**WHAT THIS TASK INVOLVES**. Repeat the listing below exactly from the line with "Guarni&ccedil;&atilde;o da Pol&iacute;cia" through its last line. Skip every picture.

**RECORDED INFORMATION**.
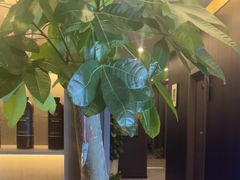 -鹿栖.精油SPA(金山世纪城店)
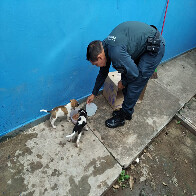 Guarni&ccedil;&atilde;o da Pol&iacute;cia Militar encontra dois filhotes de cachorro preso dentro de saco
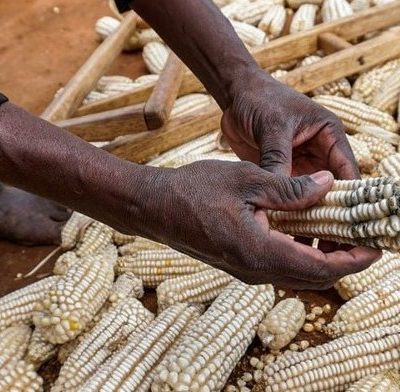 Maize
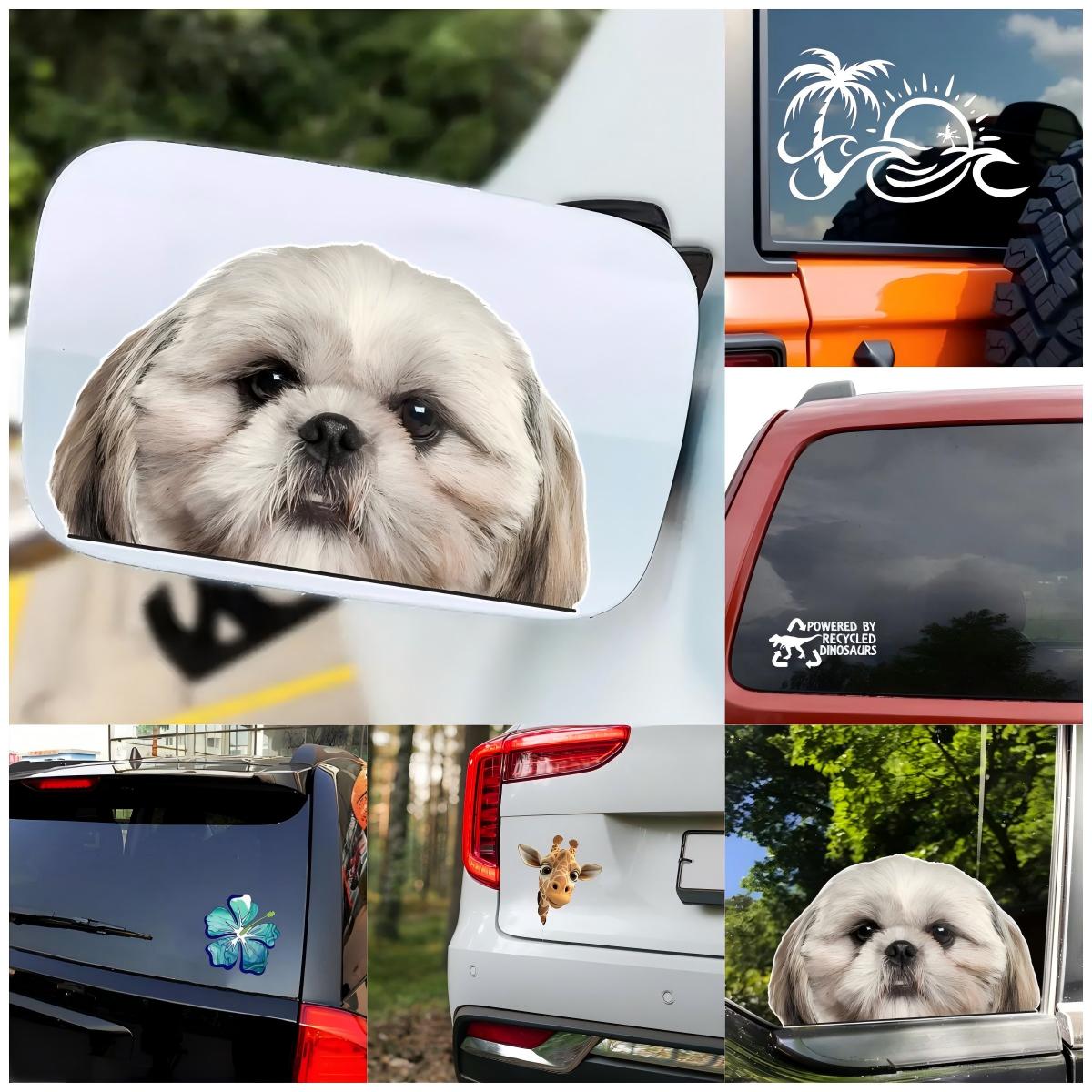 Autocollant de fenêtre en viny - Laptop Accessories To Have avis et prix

**YOUR RESPONSE**.
 Guarni&ccedil;&atilde;o da Pol&iacute;cia Militar encontra dois filhotes de cachorro preso dentro de saco
 Maize
 Autocollant de fenêtre en viny - Laptop Accessories To Have avis et prix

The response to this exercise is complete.